[Digital Image Processing] image restoration-Inverse Filtering

Source: Internet
Author: User
1. The aging of the problematic point image of Inverse Filtering can be considered as one of the following processes. One is the impact of degradation functions (resulting in blurred images, fading, etc.), and the other is the impact of additive noise.
Expressed
In the first few blog posts, we mainly introduce the removal of additive noise. This blog post mainly introduces the Inverse Filtering of images, that is, the removal of degradation functions. However, it is inconvenient to process the inverse filter in the spatial domain. In simple consideration, the inverse operation of addition is subtraction, the division of the Inverse Operation of multiplication, And the inverse operation of differentiation is integral (strictly speaking, indefinite integral ). Then we can get a simple conclusion. To get out of convolution, we must use the convolution inverse operation. The convolution inverse operation is --------- anti-convolution.
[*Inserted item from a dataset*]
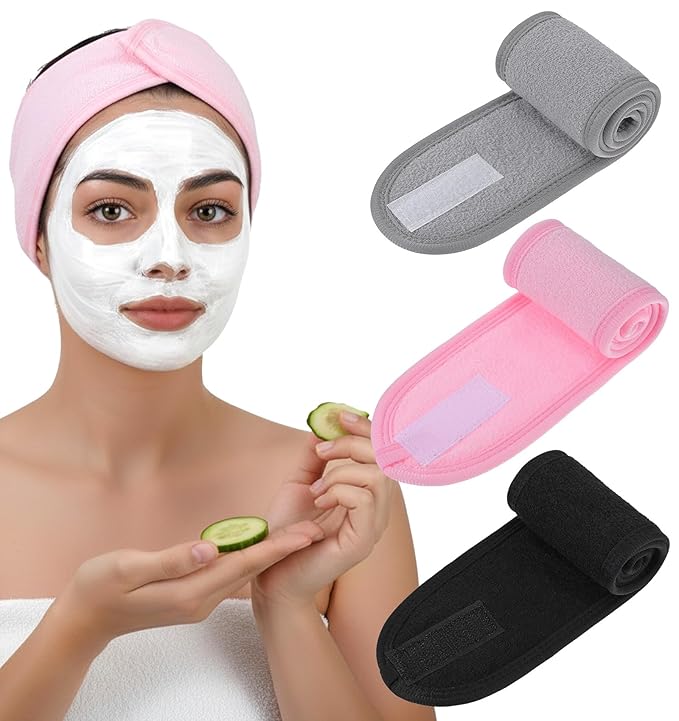3 Pack Terry Cloth Headband, Adjustable Esthetician Headbands for Women, Non-Slip Terry Cloth Headband for Facial, Makeup & Shower, Soft Stretchable Hair Band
The amount seems to be a proper name. We have established an intuitive understanding of convolution, and obtained the product of signal inversion and filter coefficients. So what kind of operation is anti-convolution? Or, specifically, what is the form of anti-convolution spatial operations? This is actually redundant, or not complicated. In the previous blog post ([Digital Image Processing] frequency domain filtering (1) -- basis and low-pass filter), we have come to an important conclusion. Convolution in the spatial domain is actually the product of the frequency domain. Therefore, it is very simple to consider this. The inverse filtering operation in the frequency domain is actually a division operation. We can obtain the aging model in the next frequency domain through Fourier transformation.
Without convolution, such an expression is a very simple arithmetic operation. The so-called convolution or inverse filtering is the process of removing degradation functions. In this case, the Division can be done directly, as shown below.
According to the textbook, this expression is interesting (where is it interesting ?). First, you must know the exact degradation function. Secondly, if the degraded function contains a value of 0 or a minimum, the noise will be greatly increased. In conclusion, there are two problems with Inverse Filtering: 1. Estimation of degradation functions. 2. Try to prevent noise from affecting image quality. 2. Models of two degraded functions 2.1 Atmospheric Turbulence Model
This model is very simple, similar to Gaussian LPF. As the value increases, the image is blurred. The following is the result of the model execution.
It can be seen from the expression that this model does not have a 0 value. However, this model is very similar to a low-pass filter, and the value of the impedance band is extremely small. This may cause direct inverse filtering of the image to fail. Let's talk about this later. 2.2 The motion blur model actually has a filter with the same name in Photoshop. I will not do the detailed push. The expression of this model is as follows.
Here are several parameters to describe. It indicates the exposure time. The sum here indicates the amount of horizontal movement and the amount of vertical movement. It is worth mentioning that do not forget the following important limits.
Note: the size of the image after motion blur changes. If the image is captured based on the source image, the image composition will be lost. The Restoration effect is not very good, I do not know whether the cause of poor performance is due to missing components or noise interference. Therefore, here I extend the image size appropriately to retain all the components of the image. The execution results of this model are as follows.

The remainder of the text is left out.